La fin du XVIIIè et le début du XIXèsiècles voient l’accroissement de la population qui est consécutive aux travaux gigantesques entrepris par l’Etat pour construire à Cherbourg une digue du large et un port militaire pour abriter les vaisseaux de la Marine .

Les élus locaux réfléchissent aux moyens à mettre en œuvre pour développer l’action culturelle. Dès 1832, ils aménagent une bibliothèque municipale et dotent la ville d’un musée des Arts constitué, en majeure partie, par l’exposition des toiles provenant du legs d’un collectionneur cherbourgeois, Thomas Henry.

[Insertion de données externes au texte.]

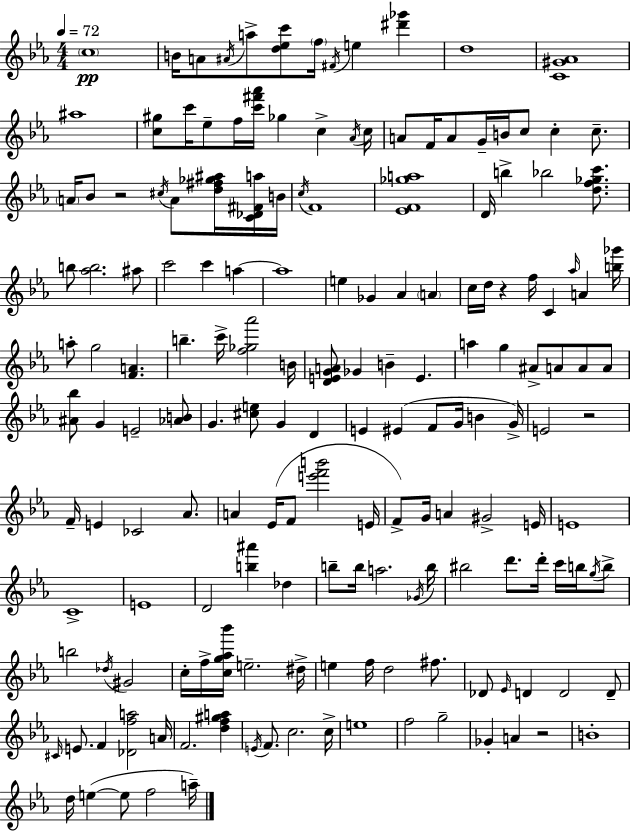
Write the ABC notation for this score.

X:1
T:Untitled
M:4/4
L:1/4
K:Eb
c4 B/4 A/2 ^A/4 a/2 [d_ec']/2 f/4 ^F/4 e [^d'_g'] d4 [C^G_A]4 ^a4 [c^g]/2 c'/4 _e/2 f/4 [c'^f'_a']/4 _g c _A/4 c/4 A/2 F/4 A/2 G/4 B/4 c/2 c c/2 A/4 _B/2 z2 ^c/4 A/2 [d^f_g^a]/4 [C_D^Fa]/4 B/4 c/4 F4 [_EF_ga]4 D/4 b _b2 [df_gc']/2 b/2 [_ab]2 ^a/2 c'2 c' a a4 e _G _A A c/4 d/4 z f/4 C _a/4 A [b_g']/4 a/2 g2 [FA] b c'/4 [f_g_a']2 B/4 [DEGA]/2 _G B E a g ^A/2 A/2 A/2 A/2 [^A_b]/2 G E2 [_AB]/2 G [^ce]/2 G D E ^E F/2 G/4 B G/4 E2 z2 F/4 E _C2 _A/2 A _E/4 F/2 [e'f'b']2 E/4 F/2 G/4 A ^G2 E/4 E4 C4 E4 D2 [b^a'] _d b/2 b/4 a2 _G/4 b/4 ^b2 d'/2 d'/4 c'/4 b/4 g/4 b/2 b2 _d/4 ^G2 c/4 f/4 [cg_a_b']/4 e2 ^d/4 e f/4 d2 ^f/2 _D/2 _E/4 D D2 D/2 ^C/4 E/2 F [_Dfa]2 A/4 F2 [df^ga] E/4 F/2 c2 c/4 e4 f2 g2 _G A z2 B4 d/4 e e/2 f2 a/4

Mais les locaux deviennent trop exigus et le conseil municipal décide, en 1850 de construire une aile rue de la Paix pour y aménager entre autres une salle de réception nécessaire pour y recevoir les personnalités, de plus en plus nombreuses, venant découvrir les travaux portuaires.

Le jeune architecte de la ville François Dominique Geufroy se voit confier cette tâche, il élabore un accès à l’étage par un escalier monumental avec une très belle rambarde en bois sculpté, qui conduit au grand salon.

 Le grand salon

De forme rectangulaire, il est réalisé dans un style classique très à la mode pendant le deuxième République et le second Empire, avec un plafond à caissons et corniche, les motifs décoratifs sont en stuc en particulier rosaces et arabesques, l’ensemble des boiseries murales sont peintes en gris et or, le plancher en chêne est en points de Hongrie hormis la partie centrale dite à la Versailles.

L’éclairage est réalisé par trois hautes fenêtres côté cour et de fausses portes permettent de donner un équilibre à l’ensemble .Il est terminé en 1853.

Les grands travaux s du port militaire s’achèvent et il se murmure que l’Empereur napoléon II

serait susceptible de venir inaugurer la fin des travaux.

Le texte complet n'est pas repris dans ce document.